Molecular Informatics ver. 2.0
'Molecular Informatics ver. 2.0' (1996), is an interactive work by Seiko Mikami in which eye tracking creates morphogenic substances on a screen.
The audience is surrounded by four video projections on three walls. Two of these move across the wall, while two other projections are fixed in place. The movement of the projections is caused by two members of the audience. They 'enter' a virtual world of Seiko Mikami by putting on a special pair of glasses. These contain a sensor that can register eye movements. Parallel to the eye movements of the visitors the two projections move across the wall. They show molecular structures that are being generated by the eye movements. When a visitor-with-spectacles looks at a 'point' in the virtual space, this is converted into XYZ-coordinates. This data is then converted in real-time into computer generated images of molecules. The space 'navigated' by looking and in the wake of the viewing angle chains of molecules are generated and projected. These molecular structures remain in the space; each new visitor adds his own image and together they create a world. With every molecule that is added to the chain a tone is sounded, so the speed of the movement can also be perceived in audible form.

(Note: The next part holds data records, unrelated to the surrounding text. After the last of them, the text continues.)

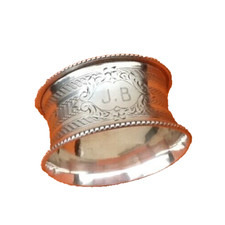 Rond de serviette monogrammé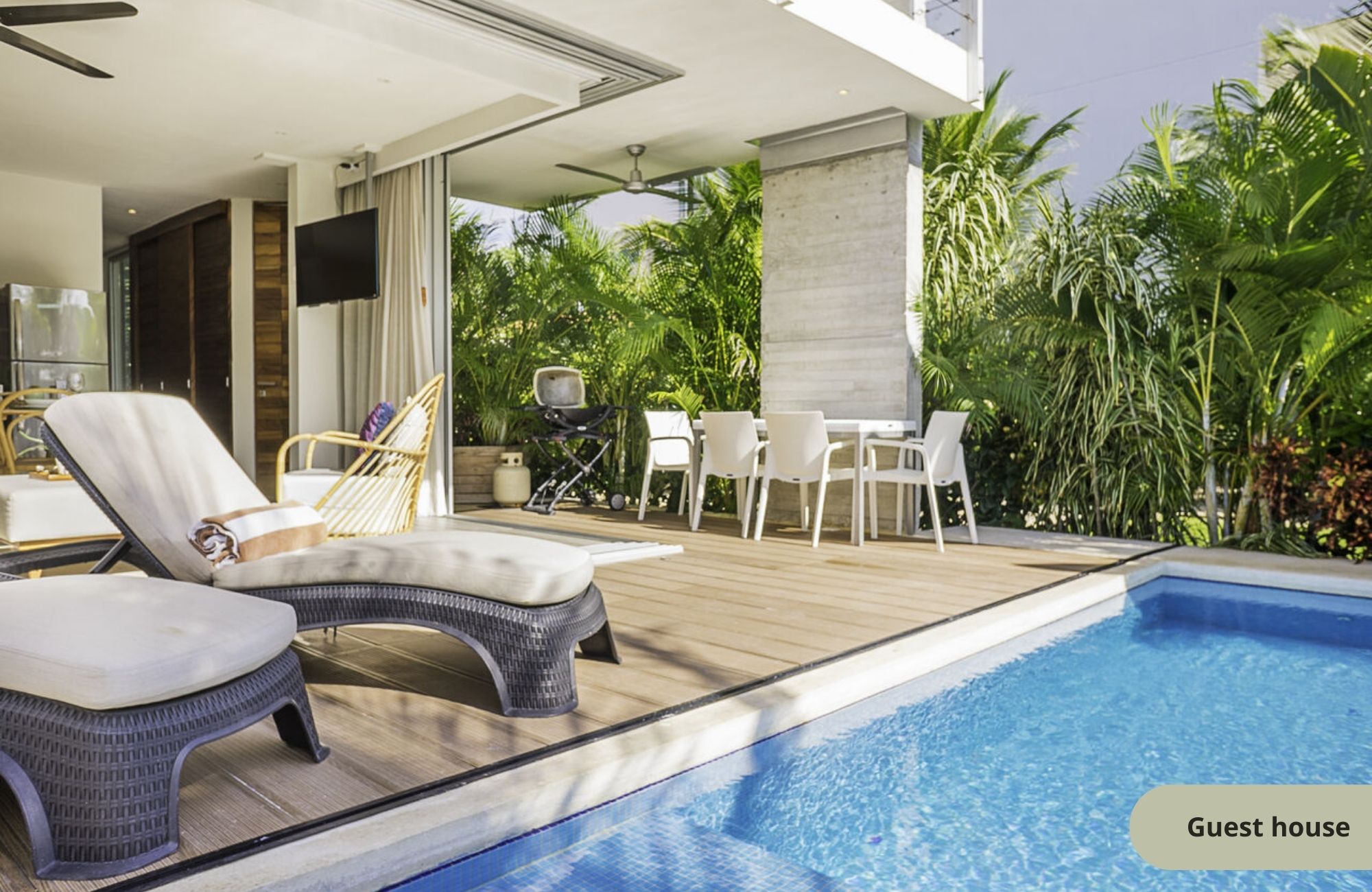 Stylish Waterfront Escape with Pool &ndash; Puerto Aventuras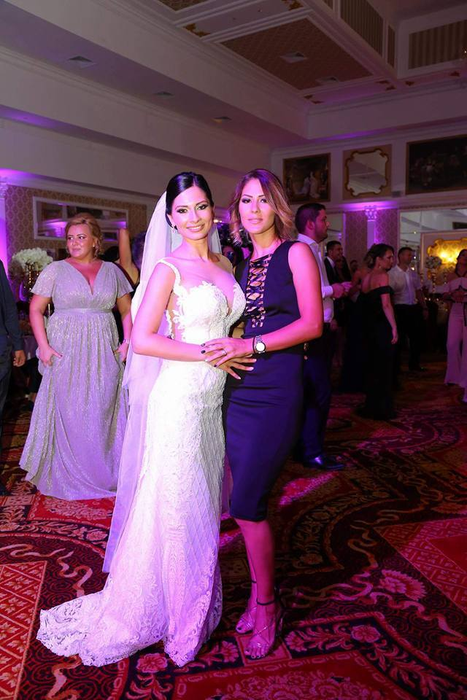 Julia a făcut senzaţie în rochia albă de mireasă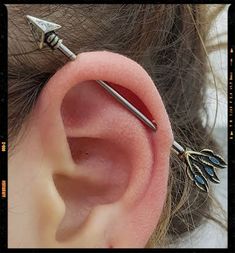 Industrial Piercing Idea Arrow Piercing, Industrial Piercing Cute, Piercing Industrial, Fade Haircut Curly Hair, Industrial Piercing Jewelry, Industrial Piercing, Pretty Ear Piercings, Tooth Gem, Cool Piercings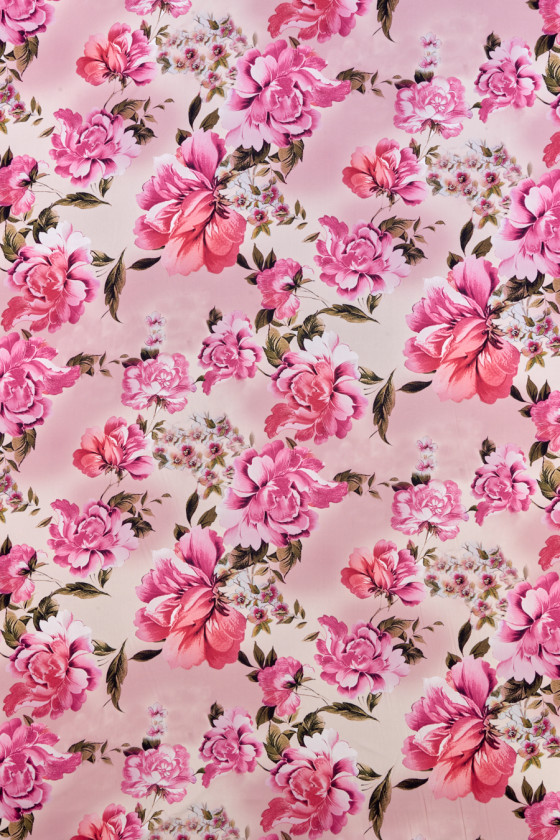 Zijden georgette met grote bloemen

In Molecular Informatics the mostly uncontrolled and unconscious eye movements are converted into data and transformed into forms and structures in a virtual molecular world. These molecular structures are not images or imitations of the 'real' world. People do not control most of their eye movements, so the forms are only partly caused by looking in a very specific direction, as looking here is not a very conscious activity. The structures here are 'caused', but they are not 'made'. Mikami's world is a world of possibilities, where looking produces visible results. The fact that we look, becomes visible. What we see, stays out of the picture.